**** SUPPLIED MATERIAL
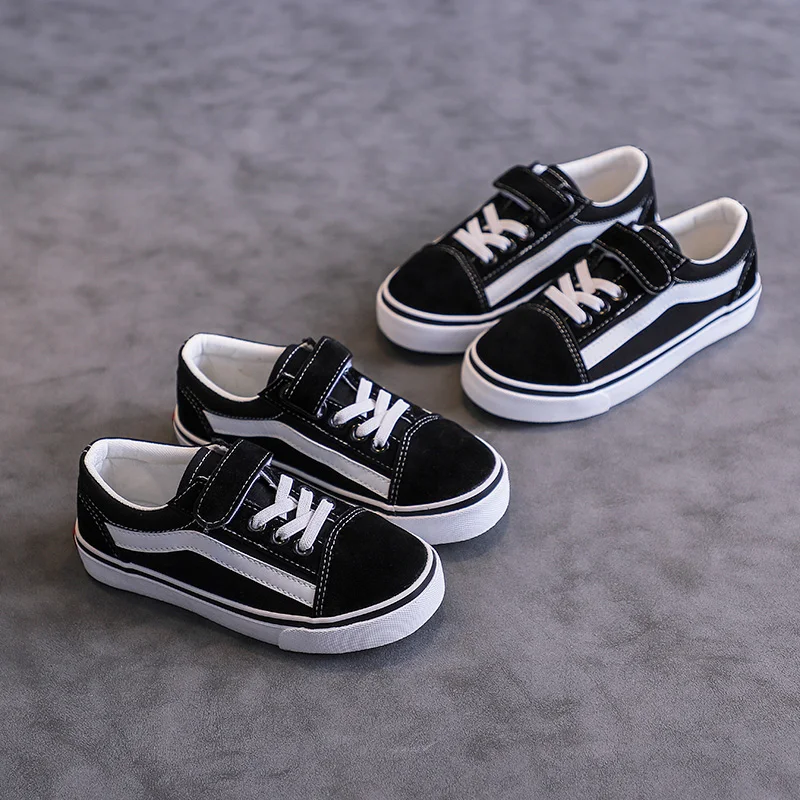Wholesale hot selling comfortable quality fabric children's boys anti skid designer canvas shoes, Black
Wholesale hot selling comfortable quality fabric children's boys anti skid designer canvas shoes, Black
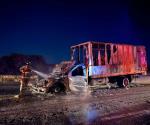 Arde camión por falla mecánica
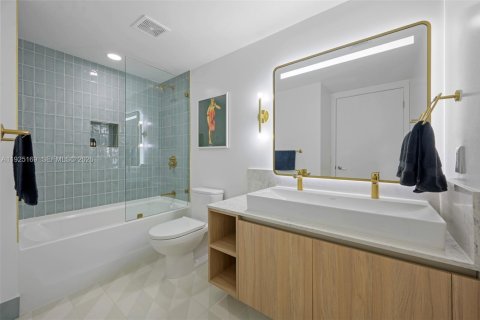Condo in Miami, Florida  № 2052806 - photo 7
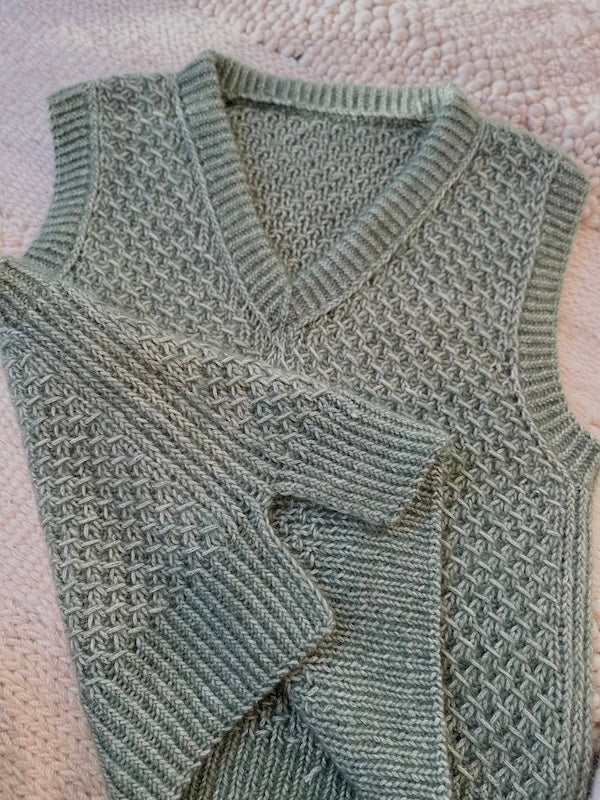 Gloria Vest (V-neck)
********
## WHAT TO PRODUCE
Print the listing verbatim; no pictures.

## TASK RESPONSE
Wholesale hot selling comfortable quality fabric children's boys anti skid designer canvas shoes, Black
Wholesale hot selling comfortable quality fabric children's boys anti skid designer canvas shoes, Black
 Arde camión por falla mecánica
Condo in Miami, Florida  № 2052806 - photo 7
 Gloria Vest (V-neck)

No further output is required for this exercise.